足の早い青魚の刺し身はこういうところでしか口にしない。スーパーでパックの刺し身を選ぶときは、どうしてもサーモンやマグロ、ハマチやなんかに目が行く。青魚はさばいた直後に食べてこそ美味いのだ。絶妙な塩加減の焼きサンマは、ほろ苦いワタまで美味しくいただいた。


赤塚先生からは「よっちゃん」と呼ばれていた
「炉ばた焼 権八」が開業したのは1975年(昭和50年)のこと。今年で50年目だ。創業者の関澤義男さん(81)が話を聞かせてくれた。
「親が魚屋でね、私が30代のはじめにこの店を始めた。そもそも兄が赤塚(不二夫)先生と飲み友達でさ、私が居酒屋を始めるって言うと、よっちゃん(義男だからこう呼ばれていた)のためだって言って色紙を書いてくれましたよ」(関澤さん)
その色紙は今でもレジ近くに飾ってある。

「赤塚先生は、本当によく来てくれていましたよ。多いときは週に2、3回は足を運んでくれていました。

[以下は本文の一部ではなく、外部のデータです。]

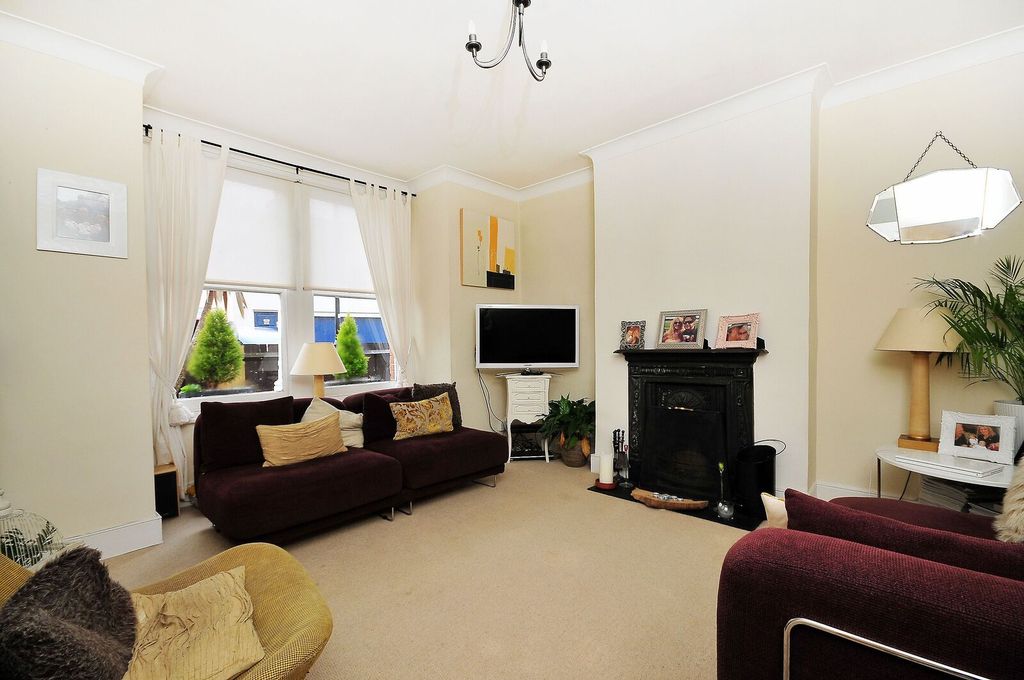 Property photo 1 of 7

うちが店を始めたころは、近所に今よりも飲み屋が多かったね。でもだんだん減ってきた。新鮮な魚を食べられる店が少なくなってるから、魚が好きな人はうちを選んでくれるんだろうね。
ここらへんは町内会がしっかりしているから、お祭りなんかも盛んでね。地味な街だけど、住みやすいと思いますよ」(関澤さん)
店を出るとすっかり日が暮れていた。街の道々は街灯や店の看板でどこも明るい。林芙美子のいう「暗がり横丁」の面影はどこにもないが、文化と歴史の匂いは今でも健在だ。